#### Prompt:
Please copy exactly the part of the records below that opens with the line containing "Natalie Herzer Quotes: You" and closes with the line containing "Antes de Pintar", leaving out any pictures.

#### Data shown:

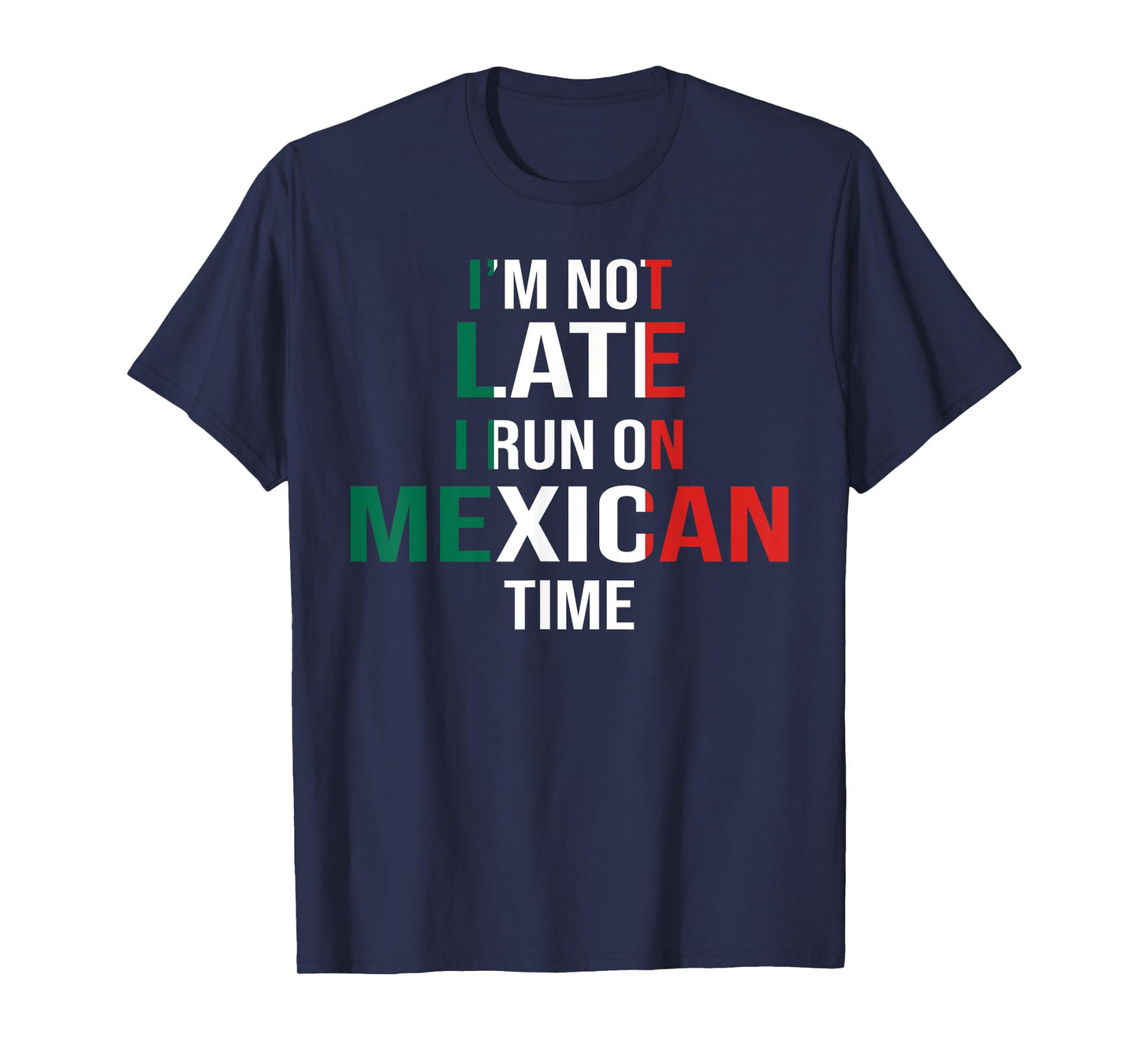 Funny I'm Not Late I Run On Mexican Time T-Shirt T-Shirt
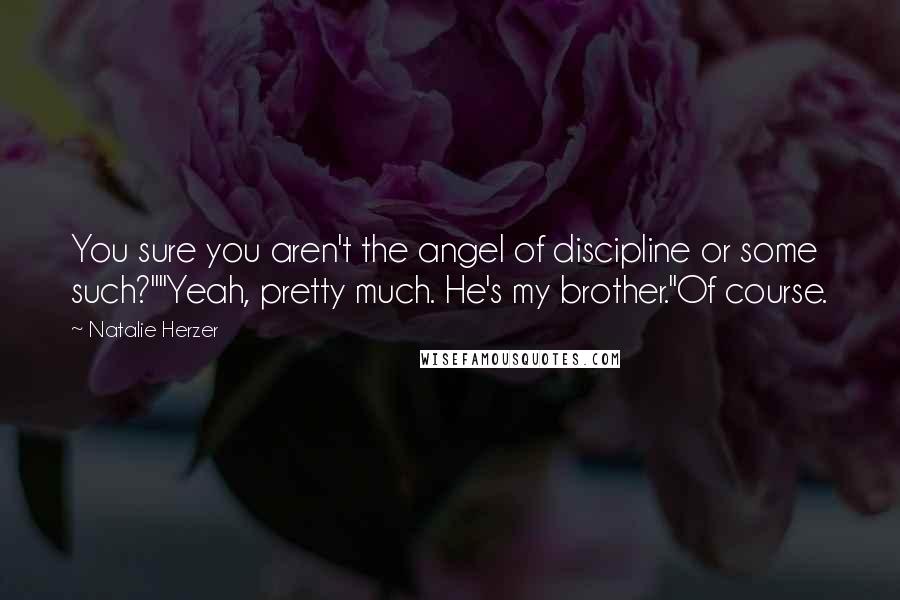 Natalie Herzer Quotes: You sure you aren't the angel of discipline or some such?""Yeah, pretty much. He's my brother."Of course.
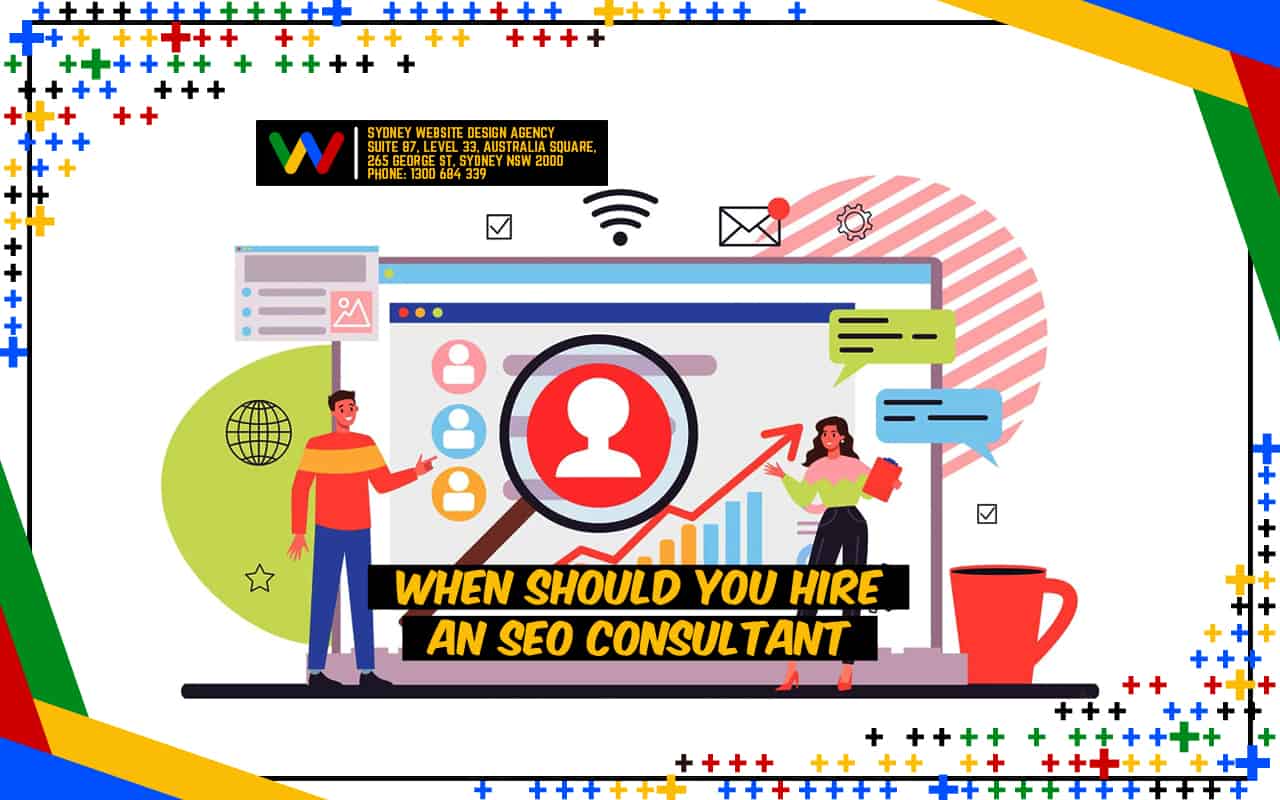 When Should You Hire an SEO Consultant When Should You Hire an SEO Consultant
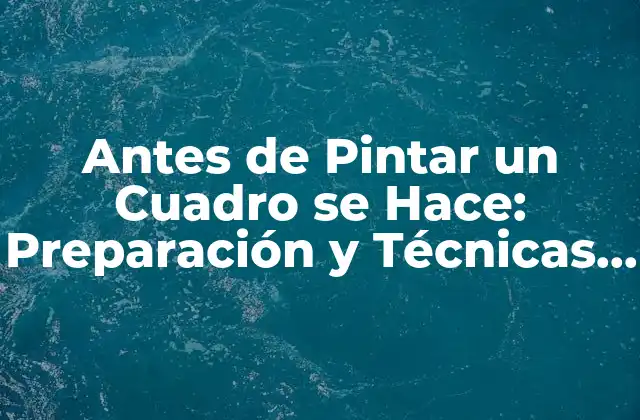 Antes de Pintar un Cuadro Se Hace: Preparación y Técnicas para un Resultado Profesional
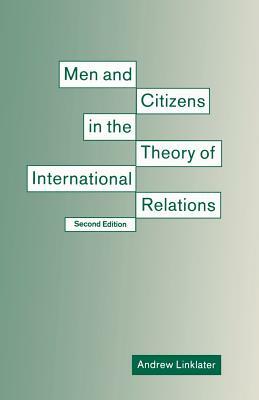 Men And Citizens In The Theory Of International Relations by Andrew Linklater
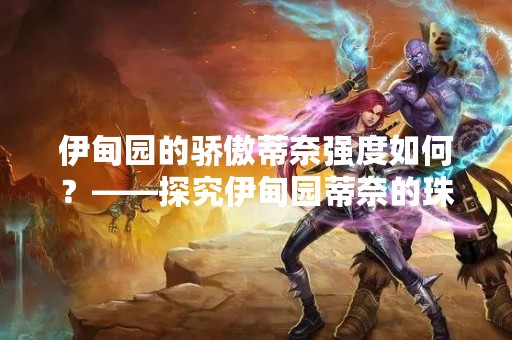 伊甸园的骄傲蒂奈强度如何？——探究伊甸园蒂奈的珠宝魅力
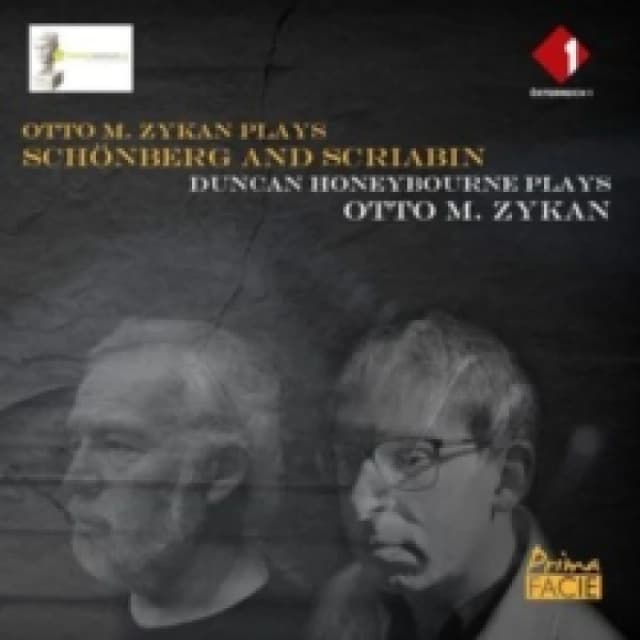 Otto M. Zykan Plays Schnberg and Scriabin: Duncan Honeybourne Plays Otto M. Zykan CD / Album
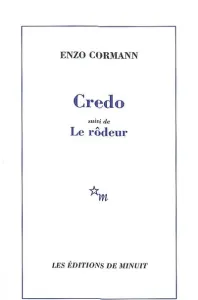 Credo suivi de ; Le Rôdeur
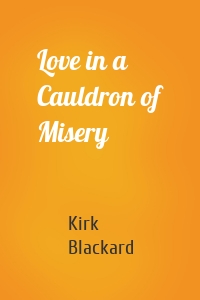 Love in a Cauldron of Misery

#### Response box:
 Natalie Herzer Quotes: You sure you aren't the angel of discipline or some such?""Yeah, pretty much. He's my brother."Of course.
 When Should You Hire an SEO Consultant When Should You Hire an SEO Consultant
 Antes de Pintar un Cuadro Se Hace: Preparación y Técnicas para un Resultado Profesional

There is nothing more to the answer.